Changes are decisions, balancing risk and reward. In the language of Decision Theory, they are classed as normative or prescriptive decisions (i.e. identifying the best decision to take) which rely on access to good information and are best made rationally (rather than irrationally, emotionally or because there’s an expensive marketing campaign about to start that nobody told IT about). The processes and tools used to analyse decisions and their outcomes are usually referred to as Decision Support Systems, and can be technological, procedural, or a combination.

For IT changes, the Decision Support System is the change policy, process, tool and the people who manage, review and approve them.

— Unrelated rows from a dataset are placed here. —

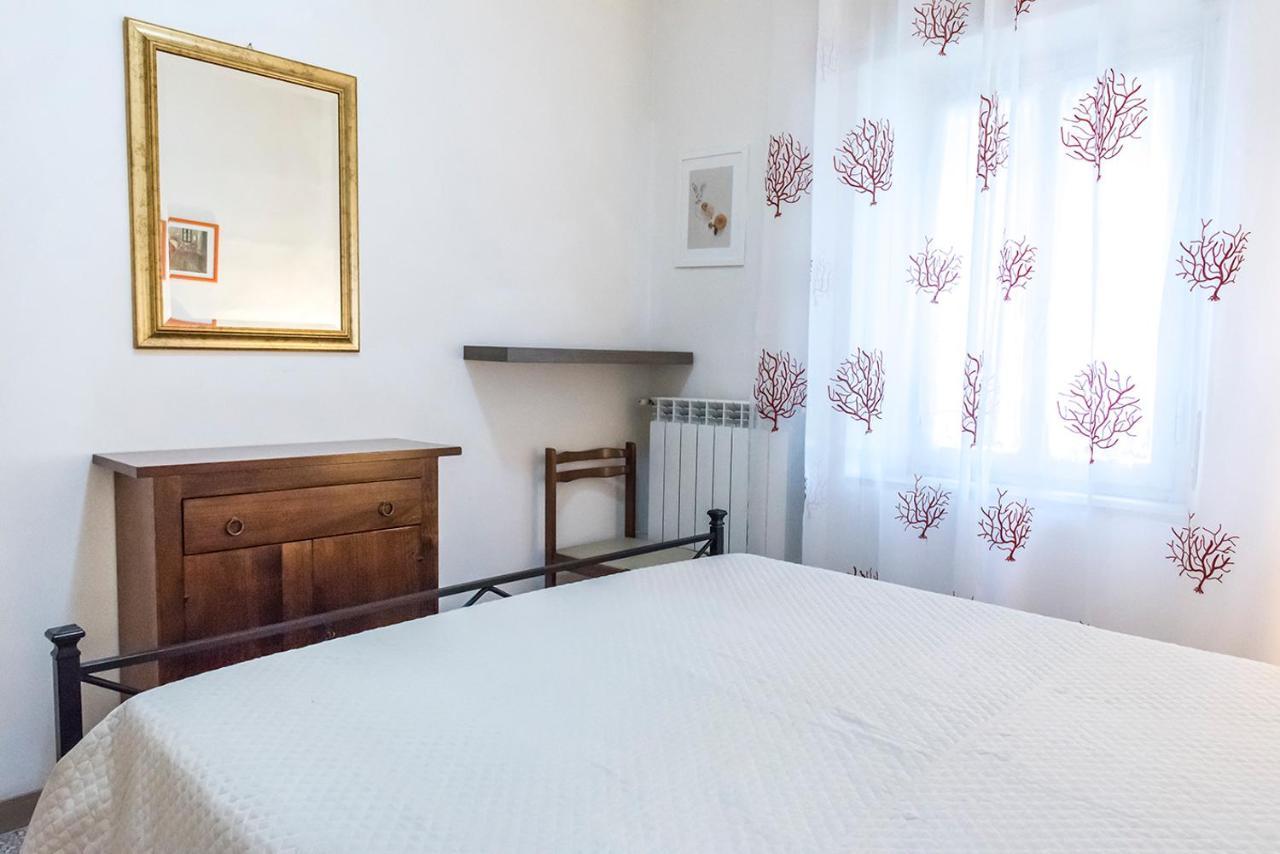 N050 - Numana, Trilocale In Centro Con Portico E Posto Auto Apartment ภายนอก รูปภาพ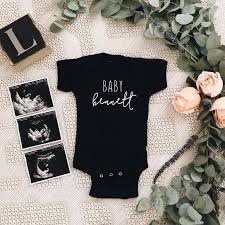 Welcome baby to the world with these unique newborn baby gift ideas. Personalisierter Baby Namen Bodysuit Baby Gifts Unique And Personalized Baby Babyn Personalized Baby Onesies Unique Newborn Baby Gifts Baby Boy Gifts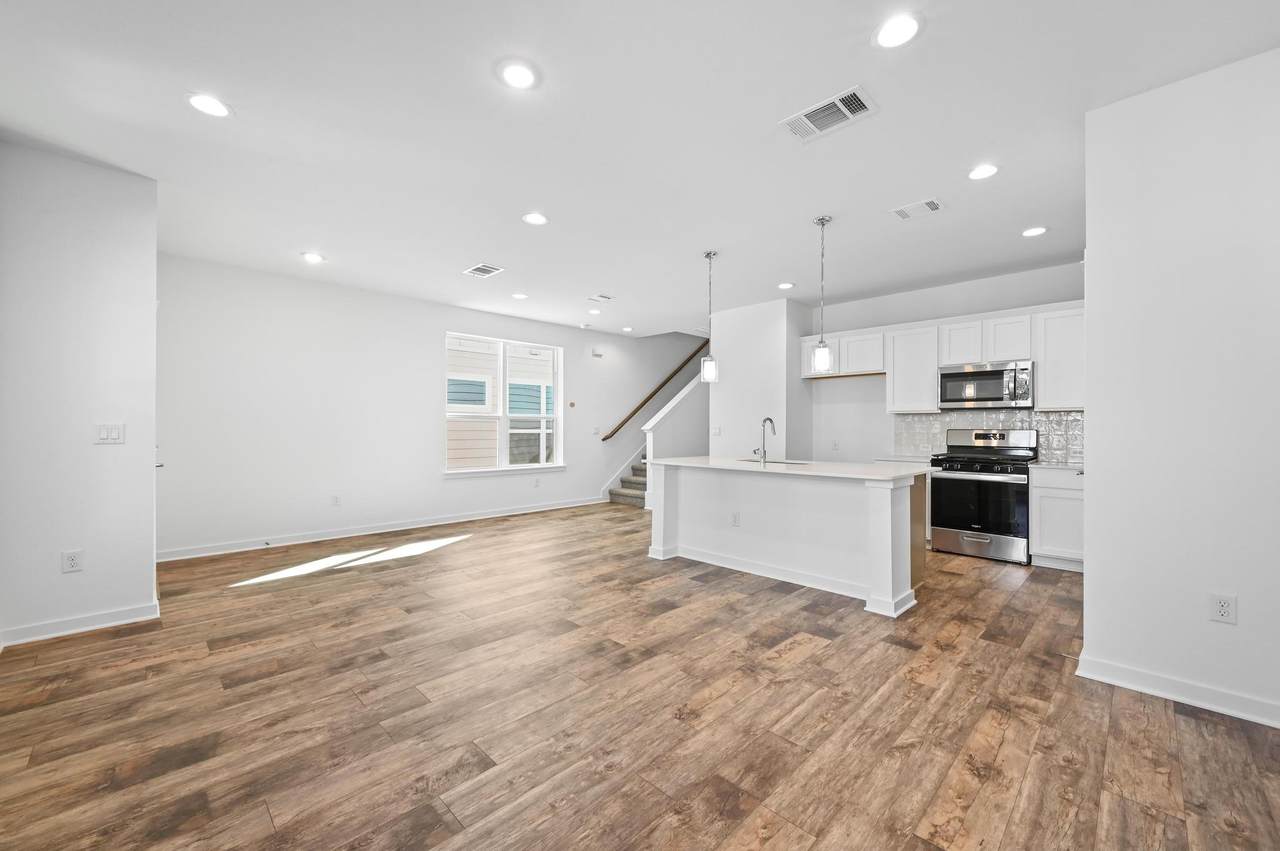 462 Orleanian Dr - Photo 1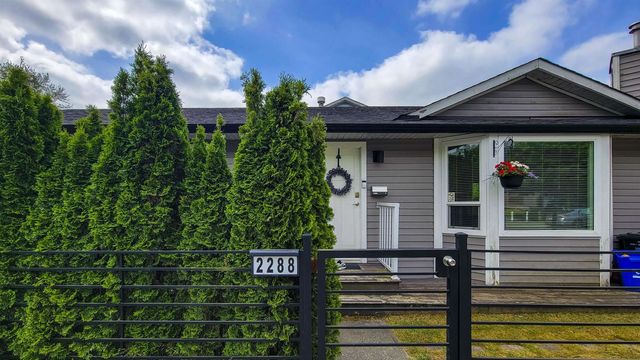 2288 Willoughby Way, Langley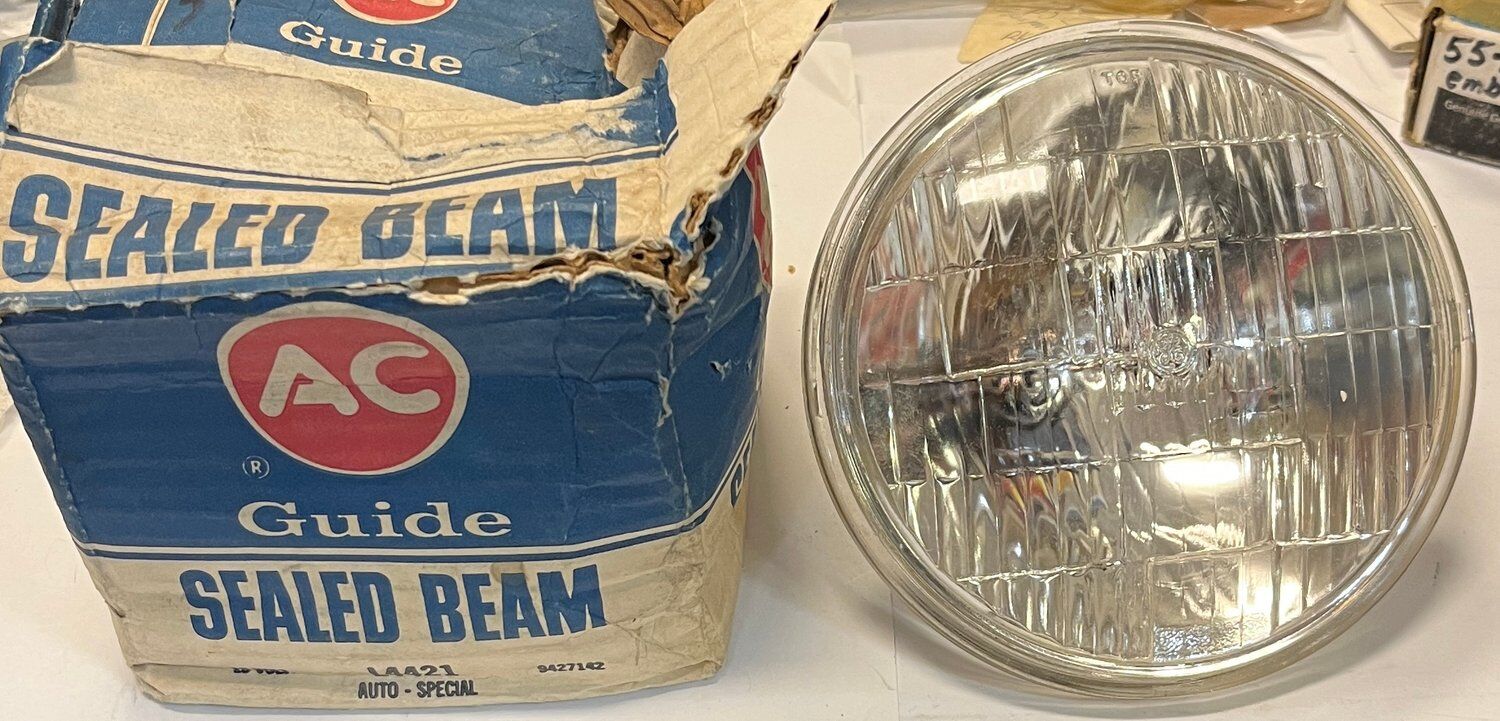 General Electric GE 4031 Sealed Beam 6V strålkastare till GM Willys och Harley
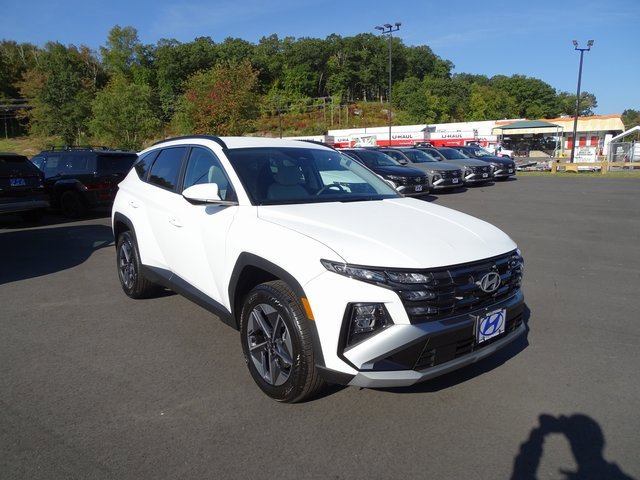 New 2026 Hyundai Tucson SEL image 1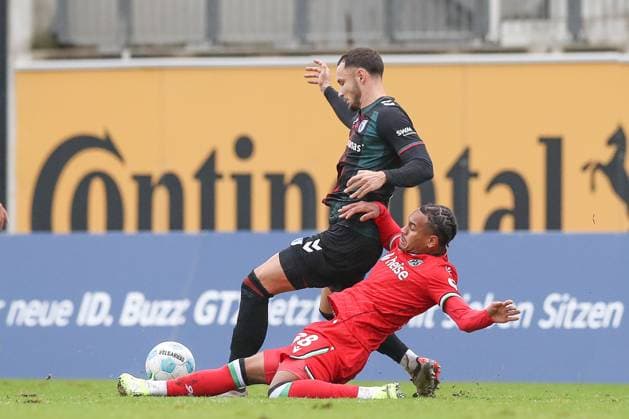 14 11 2024, xtgx, football test match, Hannover 96 1 FC Magdeburg emspor, v l Falko Michel Magdeburg, 21 , Monju Momuluh Hannover, 38 duel, duel, fight, tackle DFL DFB REGULATIONS PROHIBIT ANY USE OF PHOTOGRAPHS as IMAGE SEQUENCES and or QUASI VIDEO Hannover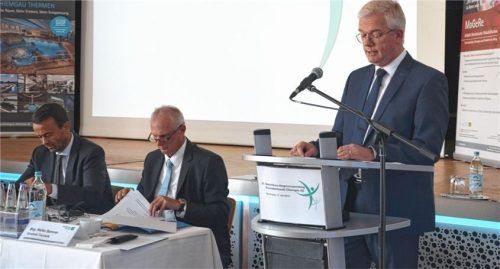 Führten die Aktionäre durch die Hauptversammlung der GWC AG in Bad Endorf (von links): Vorstandssprecher und Medizin-Vorstand Dietolf Hämel, Medizin-Vorstand Stefan Bammer und Aufsichtsratsvorsitzender Gerhard Ertl.Foto  re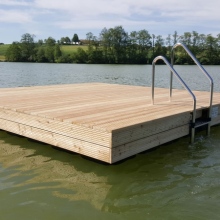 HOLZVERKLEIDETE PONTONS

Using these, it’s possible to take one big decision (“should we do this change?”) and carve it into smaller and more manageable decisions, e.g.:

  • Is the Request For Change correctly filled out with meaningful information?
  • Has the technical peer review been completed?
  • Is there a compelling benefit case?
  • Has the change been tested?
  • Is there a fully resourced and tested implementation and remediation plan?
  • Will it clash with another change?

etc etc.

Most of these smaller decisions are human and procedural, though technological quality gates can be included too, such as simulated code builds, static code analysis outputs, configuration data etc.

By splitting bigger decisions into smaller ones, it’s possible to spread the burden of decision-making across several people, although care must be taken to avoid making all of the sub-decisions in isolation (or being overly reliant on theoretical models as per the Ludic Fallacy)  – which is why the ultimate decision (“should we do this change?”) is best taken in the context of the real world situation in your organisation – you and I know this as the CAB.

Most change managers and change approvers know this concept of splitting up big decisions intuitively, which is why we reject poor quality change records, ask for peer reviews, demand to see a test completion report and make people wait for CAB.

The concept of a change process then is a good one. It leads the requestors, assessors and approvers through a logical sequence of smaller decision-making until there is enough information to make that ultimate decision in a relatively straightforward manner with good information to base it on. This process can take days, especially as many of the smaller-decision makers have day jobs, which is why many organisations have weekly scheduled CABs and cutoff dates.

But the benefit of smaller decisions is missing from emergency changes because they simply don’t have time – they’re emergencies. The smaller decisions end up getting rushed (“well, it’s got half an implementation plan, and we tested a bit of it, is that good enough?”) and the burden of the smaller decisions gets pushed to the emergency change approver – which despite good intentions in your emergency change policy can end up being a single senior manager, or sometimes the change manager alone.

If this happens once a month, it’s probably not a big deal. The person who ends up being asked to decide might take a little time to ask a few people their opinions, form an emergency CAB, push back on some shoddy testing, rework the implementation plan, speak to the business and so on. But if it happens several times a day, that person is going to get fatigued, stressed, and ultimately end up making bad decisions.

And this is the problem with having too many emergency changes. Bad or rushed decisions either mean blocking something the business really needs through being too risk averse, or present an unnecessarily high risk to your production services by being too relaxed.